__What to work on__:
Find the line below with "Lot#6 Corbins Close, Camden" and the line with "Always wanted a". Output exactly those lines and everything between them, leaving out the pictures.

*** Extracted data Section Begins ***

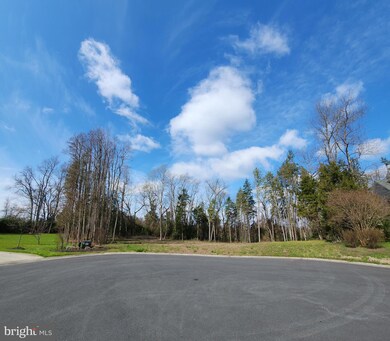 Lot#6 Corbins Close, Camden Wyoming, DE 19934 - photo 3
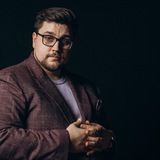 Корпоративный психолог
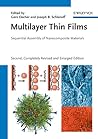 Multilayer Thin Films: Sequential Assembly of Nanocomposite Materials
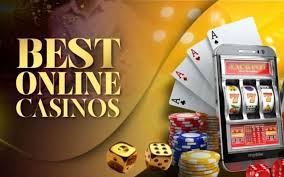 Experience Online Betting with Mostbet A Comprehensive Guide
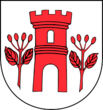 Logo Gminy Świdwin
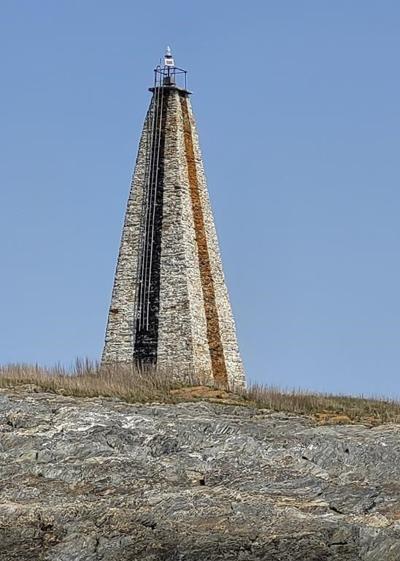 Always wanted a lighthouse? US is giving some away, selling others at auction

*** Extracted data Section Ends ***
*** Extracted data Section Begins ***

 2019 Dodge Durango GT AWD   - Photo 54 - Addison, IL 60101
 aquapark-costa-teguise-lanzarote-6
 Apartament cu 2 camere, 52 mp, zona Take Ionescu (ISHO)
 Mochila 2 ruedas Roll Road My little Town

*** Extracted data Section Ends ***

__Result of this task__:
 Lot#6 Corbins Close, Camden Wyoming, DE 19934 - photo 3
 Корпоративный психолог
 Multilayer Thin Films: Sequential Assembly of Nanocomposite Materials
 Experience Online Betting with Mostbet A Comprehensive Guide
 Logo Gminy Świdwin
 Always wanted a lighthouse? US is giving some away, selling others at auction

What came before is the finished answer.